Tag: WP-CLI

  • Deduplicating 14K Posts (Part II)

    In my last post, I walked through the start of how I deduplicated 14,000 posts Document Library Pro posts. That post covered how I crafted a script to search through PDF attachment posts and delete any duplicates based on the filename.

    The reason for starting with PDFs was to make sure that if a dlp_document post referenced any duplicate PDF attachments, it would be deleted. By cleaning out the PDF’s first, I had a clean base to check against the dlp_documents.

    Now, it was time to move on to cleaning out the actual dlp_document post type.

    jb-dlp-document-deduplication.php

    Once I had written the script to deduplicate the PDFs, I was able to use it as a base for the dlp_document posts. Many of the properties and functions are the same with some slight name tweaking for dlp_document instead of pdf_media.

    The general concept is the same, there are new WP_CLI commands introduced which run the deduplication script, clear out the options table, and clear out any log files.

    One of the ways this script differs is that rather than saving the earliest posts as the originals, we are saving the newest. With the PDFs, we saved the earliest posts to avoid any -1, -2, or other suffixes added to the URLs and file names. However, with the dlp_document posts, the most recent post has the most complete information regarding taxonomies, and excerpts. So rather than querying the database in ascending order, we pull the dlp_document posts in descending order by their post ID.

    $results = $wpdb->get_results(
       $wpdb->prepare(
          "
          SELECT * FROM {$wpdb->posts}
          WHERE post_type = %s
          AND ID < %d
          ORDER BY ID DESC
          LIMIT %d
          ",
          'dlp_document',
          $this->start_post_id,
          $this->batch_size
       )
    );
    

    Another way this script differs is that rather than handling just duplicate posts, we also had to verify that the PDF file stored in the post meta actually exists. If the file doesn’t exist, the dlp_document post needed to be deleted. It doesn’t help anyone to have a dead link displayed on the site.

    Rather than trying to shove this extra check into the current process of handle_duplicate_post(), I decided to create a separate flow for posts where the PDF file did not exist. This allowed me to log the instances of duplicate posts and missing PDF’s separately.

    If you have read the previous post, you are generally familiar with the flow of handling duplicate posts. Rather than repeating the concepts, here I will focus just on checking for missing PDFs.

    It starts within the foreach loop in deduplicate_dlp_docs(). Before checking for a duplicate document, the loop check that the PDF is valid by calling determine_if_pdf_exists().

    determine_if_pdf_exists()

    The method takes the object of the dlp_document post as an argument. This object contains the ID and title of the document post. We use this to handle fetching the post meta where the PDF information is stored.

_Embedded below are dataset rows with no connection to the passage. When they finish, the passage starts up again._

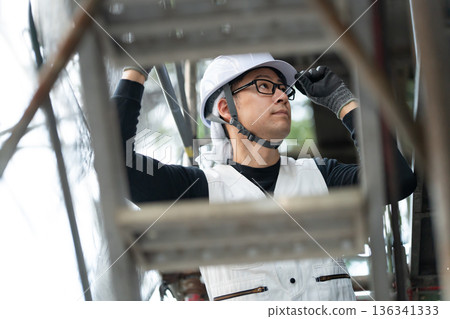 Men in work clothes, knickerbockers, helmet 136341333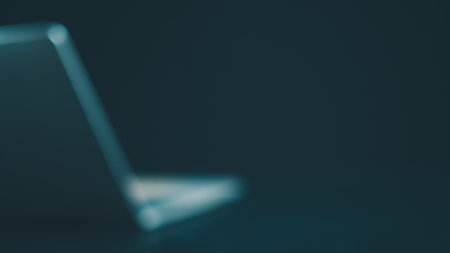 Abstract background, business and technology blurred computer background, side view of computer placed on dark background with copy space.の写真素材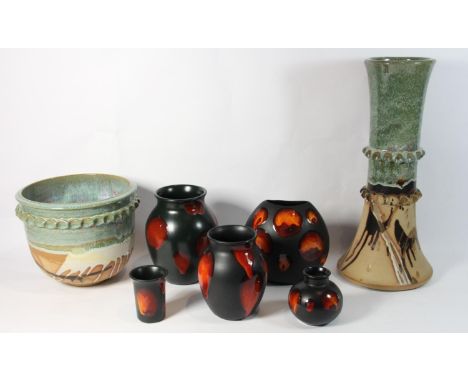 Five pieces of galaxy pattern Poole pottery to include, a purse vase and four smaller vases, together with an ironstone textu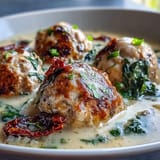 Creamy Tuscan Turkey Meatball Soup is served in a rustic bowl garnished with fresh basil, ready to enjoy alongside crusty artisan bread.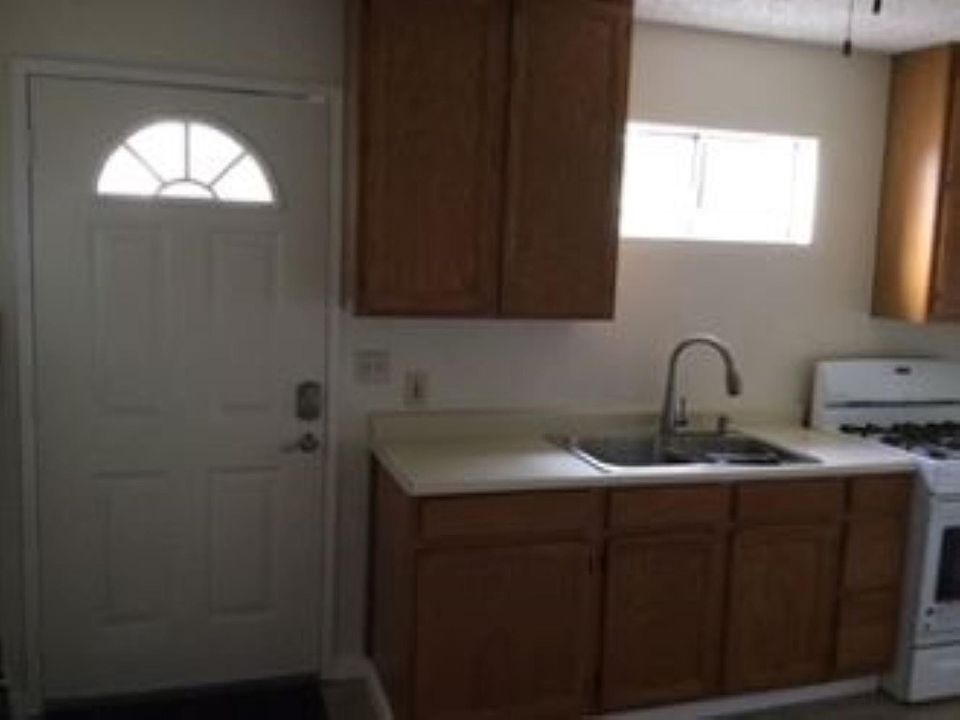 Entry door and kitchen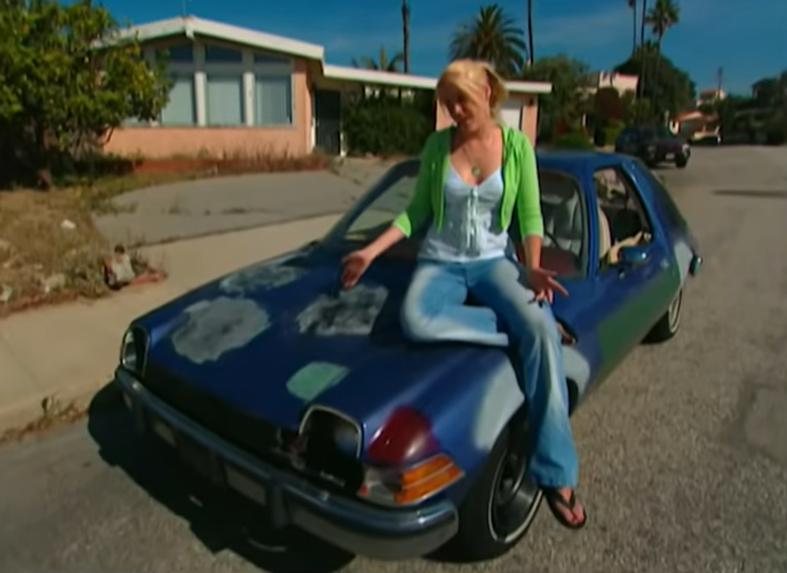 Girl sitting on an AMC pacer 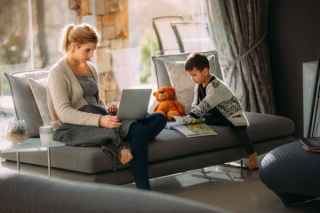 Lady working on couch with child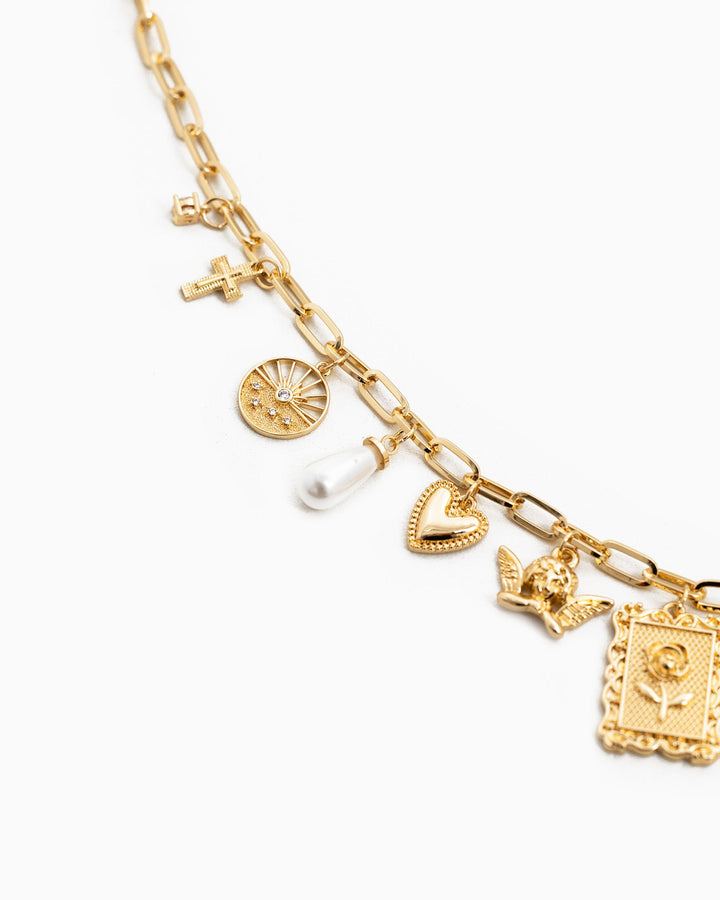 Gold charm necklace featuring cross, sun medallion, pearl, heart, angel, and framed rose pendants
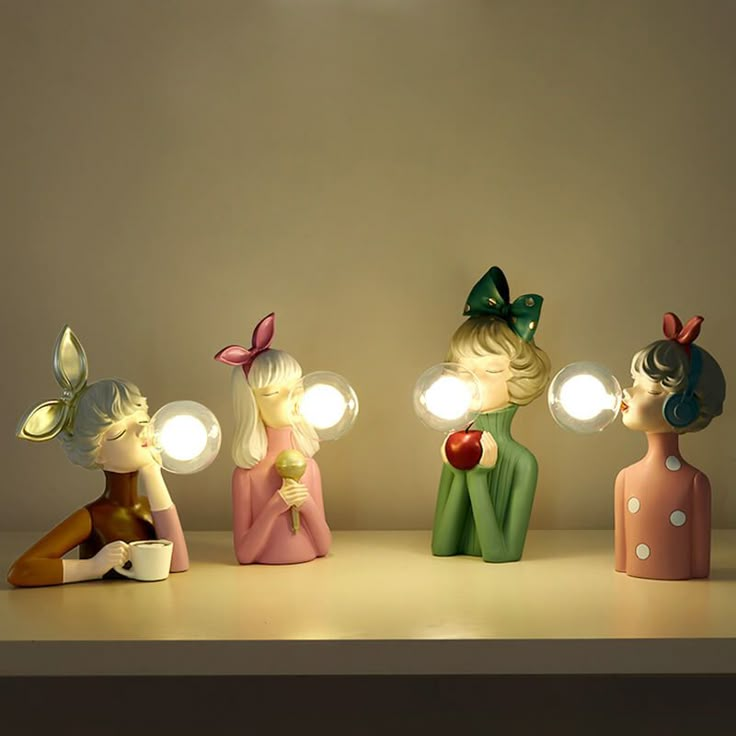 three little figurines are sitting on a shelf with lights in their hands and one is holding an apple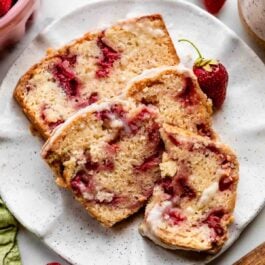 strawberry bread slices on white speckled plate with strawberries around it.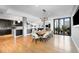 Open dining room with live-edge table and modern chairs at 523 S West St # 402, Raleigh, NC 27601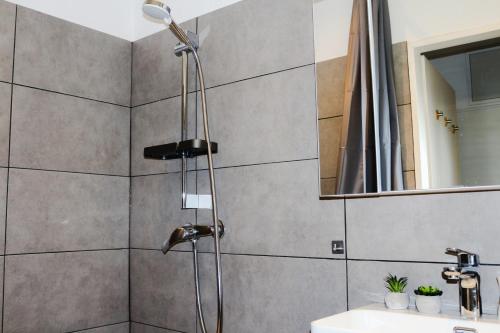 La salle de bains est pourvue d'un pommeau de douche et d'un lavabo. dans l'établissement Timeless Apartment Bremen-Neustadt, à Brême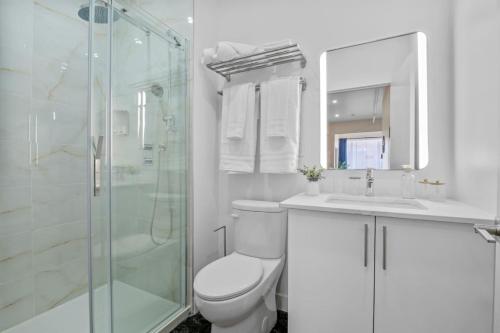 a white bathroom with a toilet and a shower at Central King Studio in Montreal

    Here is where things got tricky; the document library pro plugin allows a PDF to be saved to a post using one of two options–a direct URL or a post ID. The posts in the customer’s database used both options intermittently.

    In order to determine how the PDF is saved to the post, the first thing I had to fetch was the “link type”

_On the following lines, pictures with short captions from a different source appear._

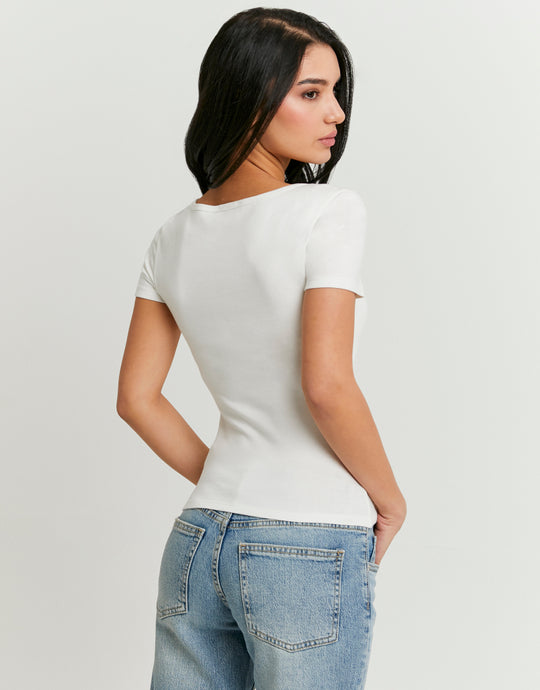 Woman wearing a white t-shirt and blue jeans on a plain background-Back view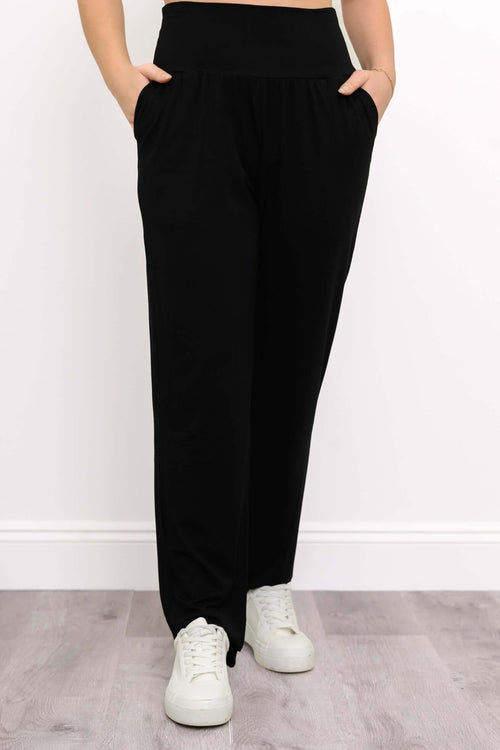 Front view of Clair black bamboo tapered pants with hands in pockets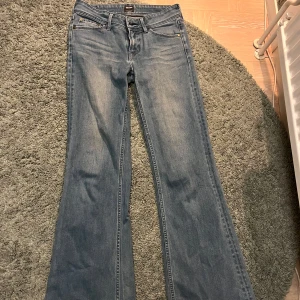 Blå jeans från Levi's - Snygga blå jeans från Levi's med bootcut-stil. De har en klassisk femficksdesign och en dragkedja med knappstängning. Perfekta för en avslappnad look. Midjemåttet är 68💕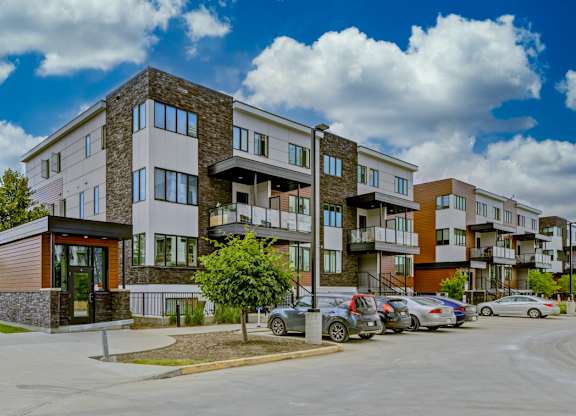A modern apartment complex with a parking lot in front.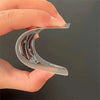 A hand holds a transparent plastic card shaped like a playing card, showing the design on its surface.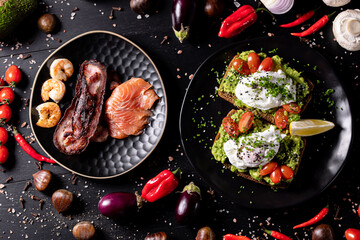 Avocado Toast with Poached Eggs and Seafood Platter on Dark Table.
Healthy avocado toast with poached eggs, cherry tomatoes, and chives, served alongside a seafood plate with salmon, octopus, and shri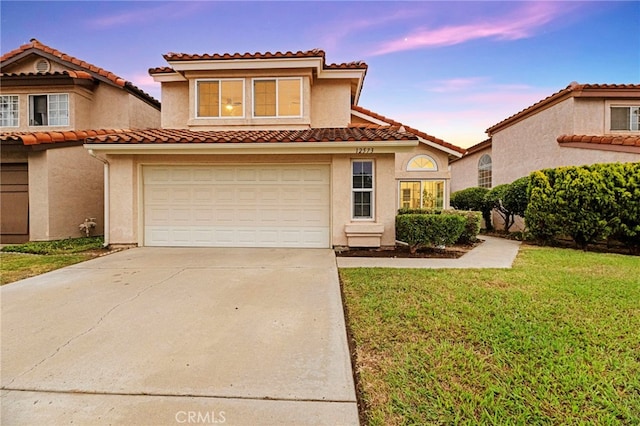 12573 Brickellia St, San Diego, CA 92129 - view of front facade with driveway, a tile roof, stucco siding, a front yard, and an attached garage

    // Confirm that PDF file is attached by checking the post meta
    $pdf_link_type = get_post_meta( $dlp_document_post->ID, '_dlp_document_link_type', true ) ?? null;
    
    

    The expected results for $pdf_link_type are either “url” or “file”. If the result is anything else, we should delete the dlp_document post because it is incomplete without an attached PDF.

    The type of link determines the meta key for the post meta containing the actual PDF information. For example, for url the meta key is _dlp_direct_link_url. For file, the meta key is _dlp_attached_file_id. The simplest way to handle all three cases (url, file, anything else) was to create a switch statement.

    For the url and file cases, I pull the post meta from the data base. If the post meta exists, then I check that the value it provides (e.g. a URL or post ID) actually exists.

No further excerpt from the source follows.